- Born: 23 October 1950 Offerdal, Sweden
- Died: 23 September 2012 (aged 61) Häggenås, Sweden
- Occupation: Businessperson

= Maths O. Sundqvist =

Swedish businessman (1950–2012)

Maths-Olov Sundqvist (23 October 1950 – 23 September 2012) was a Swedish entrepreneur and business magnate. Sundqvist was one of Sweden's wealthiest individuals; however, during the Great Recession, he was forced to sell most of his possessions at huge losses.

==Life and career ==
Sundqvist was born in 1950 in Offerdal in Krokom Municipality in Sweden. He began his business career by developing his father's bus company and finally selling it in 1979 to the municipality of Östersund for 8.7 million Swedish kronor. He used the proceeds to found his personal investment company Skrindan, which grew aggressively to become a big player in real estate. In 1992, he rescued the local newspaper Länstidningen in Östersund as it fell into financial difficulties. In 2002 he controlled a majority stake at the Länstidningen, as well as several other local companies.

Sundqvist was ranked in 2007 by the Swedish business magazine the Affärsvärlden as one of Sweden's wealthiest individuals after his acquisition of large blocks of shares in a number of Swedish corporations such as Hexagon, Fabege, Industrivärden and SCA. In 2008, his total portfolio was worth 10.4 billion Swedish kronor, and his portfolio of real estate was worth 7–8 billion Swedish kronor.

Due to declining stock prices during the Great Recession, Sundqvist was forced to sell large blocks of shares to refinance loans.
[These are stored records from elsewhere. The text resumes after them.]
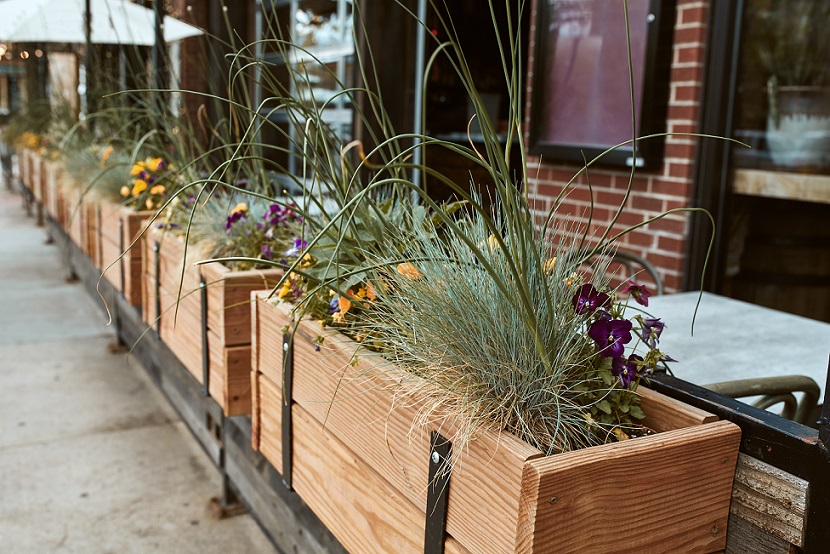 How to Plant in a Wooden Planter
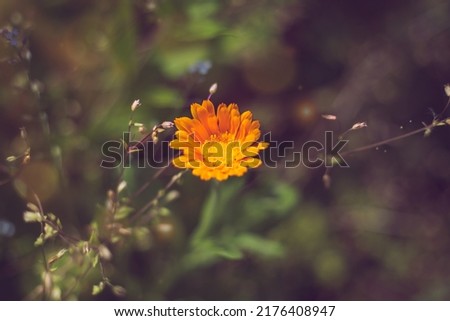 Pot marigold, a species of Marigolds (Calendula)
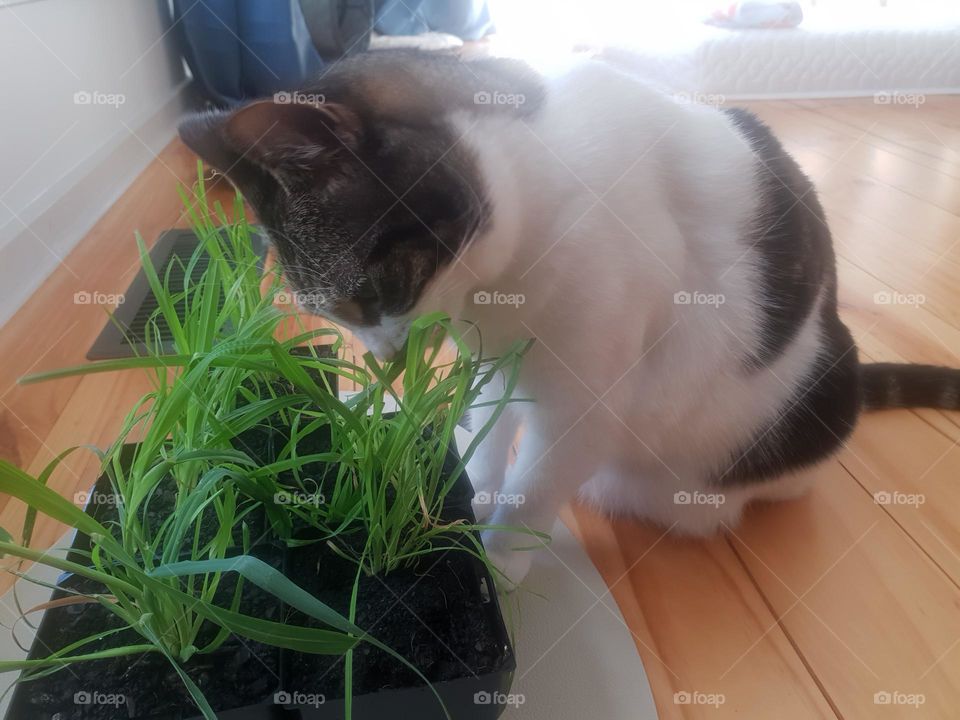 cat eat grass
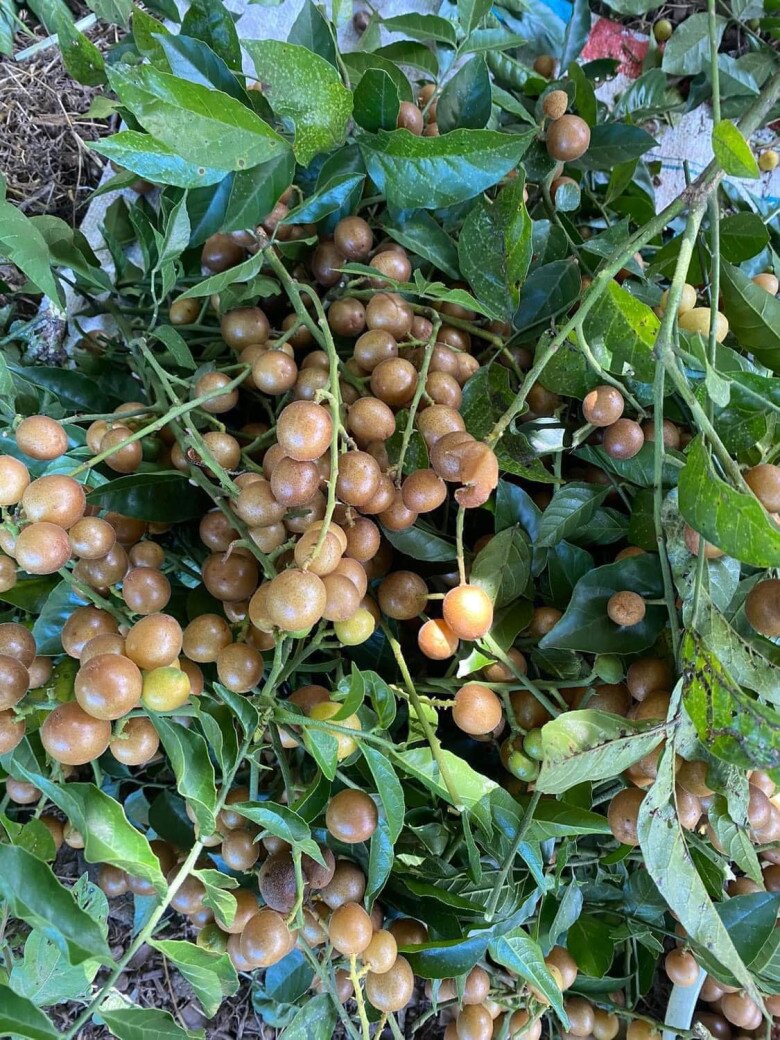 Quất hồng bì từng là quả mọc dại, bây giờ được người thành phố ưa chuộng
Sundqvist had more than a billion in debts at the Carnegie Investment Bank, and was a contributing factor that the bank lost its banking license and was taken over by the Swedish National Debt Office. As Sundqvist was forced to sell most of his shares, he suffered huge losses.

==Death==
In September 2012, Sundqvist was found dead next to his all-terrain vehicle near his residence in Häggenås, north of Östersund, in what was assumed to be a traffic accident. He was 61.